Psychology in Action (PSYL10150)
Psychology in Action (PSYL10150)
The course will allow you to experience psychology in action in two contexts – in academic research and in the wider world. The goal is to show how the skills you’ve gained during the programme so far can be applied in real life and to familiarise you with some environments in which science is done and communicated.
The course is split into four sections, one per block, with two interweaving themes of research in academia and science communication. It is delivered through an online component with self-study modules, graded quizzes, tutor moderated online discussions and short assessments. The online component is are supported by introductory lectures and hands-on workshops to develop practical skills.
Research in academia
This section runs in weeks 1-5 in semester 1. It covers how research is done in academia and other environments, how research funding works and the basics of the academic publishing system.

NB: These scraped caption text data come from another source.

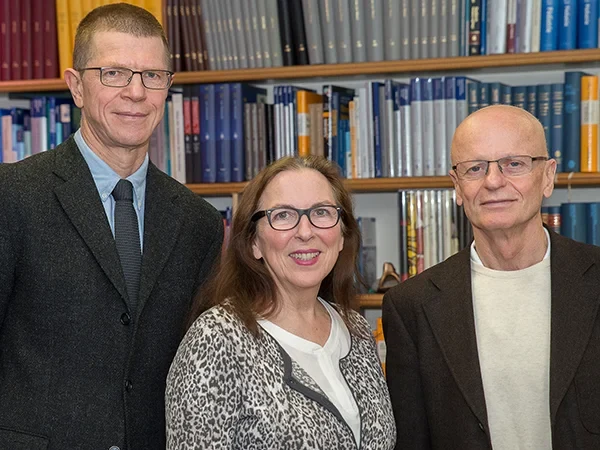 Patientenkolloquium am Uni-Klinikum Bonn:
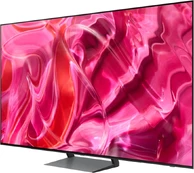 Televizorius Samsung QE65S90CATXXH kaina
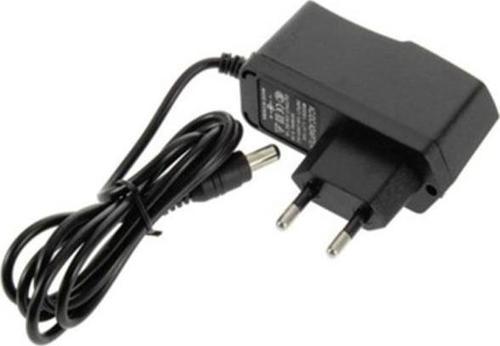12 Volt Adaptör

This information will help you understand the context of research you read about in papers, and be better prepared for your own projects. It also contains information on research ethics, which will be useful for your Mini-Dissertation and Year 4 Dissertations.
Varieties of science engagement
This section runs in weeks 7-11 in semester 1. It covers the basics of science communication and engagement for various audiences, including the psychological research behind science engagement. It also contains information on running interviews, and examples of excellent science communication.
This section runs in weeks 1-5 in Semester 2. It covers the issues surrounding the current ‘replication crisis’ in social sciences, including its roots, the effects it’s had on science, and the solutions that psychology has to implement to improve the reliability of its findings.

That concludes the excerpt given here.